I wouldn’t be surprised if government exempted itself from paying for carbon credits. So it doesn’t appear anywhere as an expense that costs money. Also, in theory at least, carbon credits are a market-based way to reduce CO2 emissions, and market-based things usually find favor with the DOGE crowd.

It is an “unnecessary regulation” - that is the cost. It forces business to reduce their carbon footprint - increasing costs for those business and it creates inefficiencies in the free market.

Hawkwin
Flexing his libertarian roots.

What is the traditional libertarian solution to garbage? People who create garbage, discard it on their own property, but it seeps into the property of all their neighbors? I suspect that the libertarian solution is for that property owner to pay the adjoining property owners the costs imposed (or the equivalent value of) that damage.

There’s not really a “libertarian” answer to that question. It depends entirely on how the initial property rights are allocated. If your property interest means that you have a right to be free from garbage seeping over, then the owner storing garbage has to pay you if they want to seep. But if your property interest doesn’t include the right to be free from that externality, then you have to pay them if you want them to stop seeping into your property.

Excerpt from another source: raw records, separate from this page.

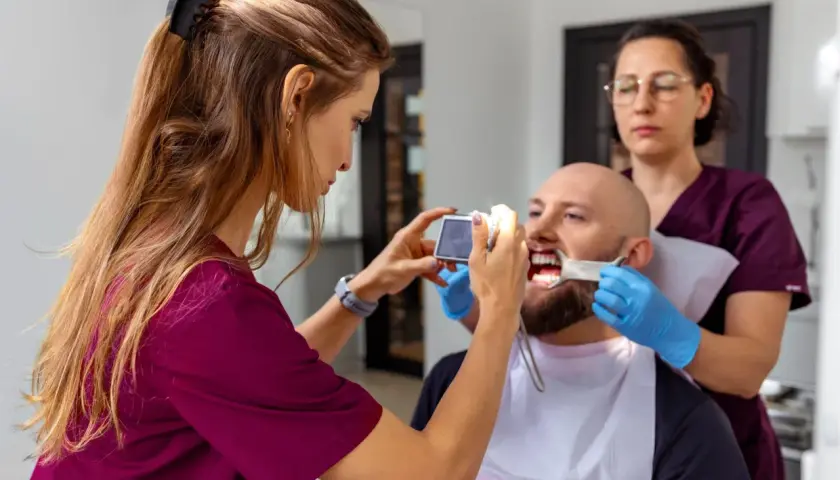 Dentystka z asystentką badają uśmiech pacjenta, by ocenić, jak długo osiada proteza zębowa.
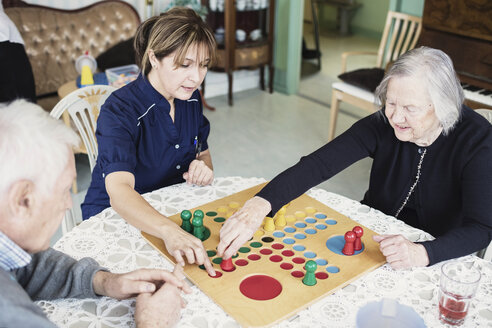 Hausmeister spielt Ludo mit Senioren im Pflegeheim - MASF03694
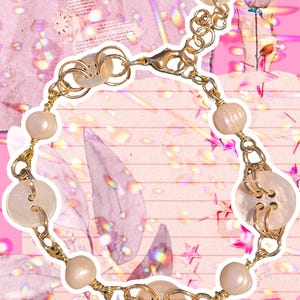 May include: A gold-toned chain bracelet featuring large, pearlescent beads and button-shaped charms. The bracelet is set against a pink background with a collage of paper and glitter effects, creating a whimsical aesthetic.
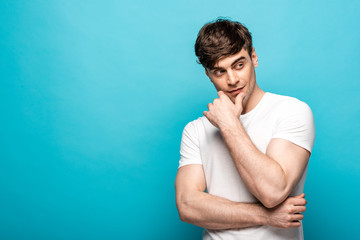 Fototapeta premium pensive young man looking away while holding hand near face on blue background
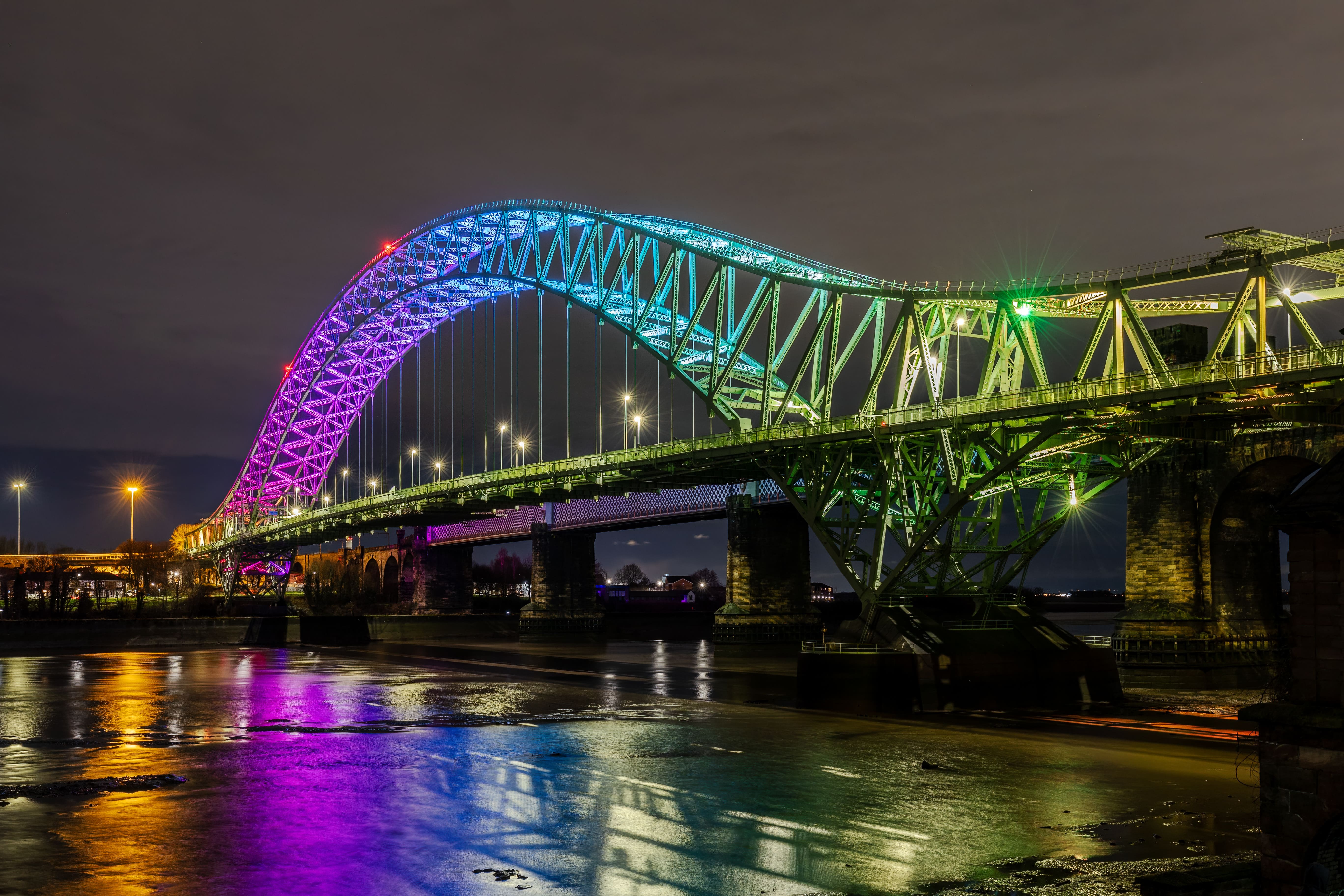 a bridge with lights at night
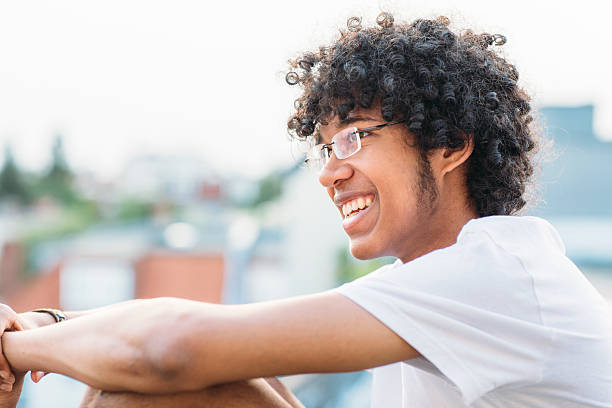 istock profil young man with afro in front of urban background 480330024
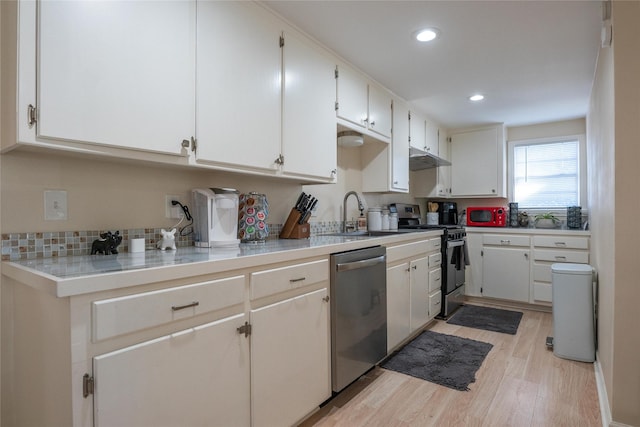 kitchen featuring appliances with stainless steel finishes, light wood-type flooring, white cabinetry, and sink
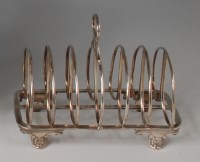Lot 419 - A George IV silver six division toast rack,...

Libertarian thought talks a lot about the superiority of allowing the parties to reach the “right” outcome through their bargaining, rather than command and control regulation. But I think I don’t think it has a coherent and universal definition what rights inhere in ownership of real property that governs the initial allocation.

Very famous principle in economics - the Coase Theorem - says that if property interests are well-defined and market transactions have low friction, you’ll get to the efficient outcome regardless of who gets assigned the initial property rights. Libertarians love assuming those conditions are met, so it doesn’t much matter how those initial property interests are assigned.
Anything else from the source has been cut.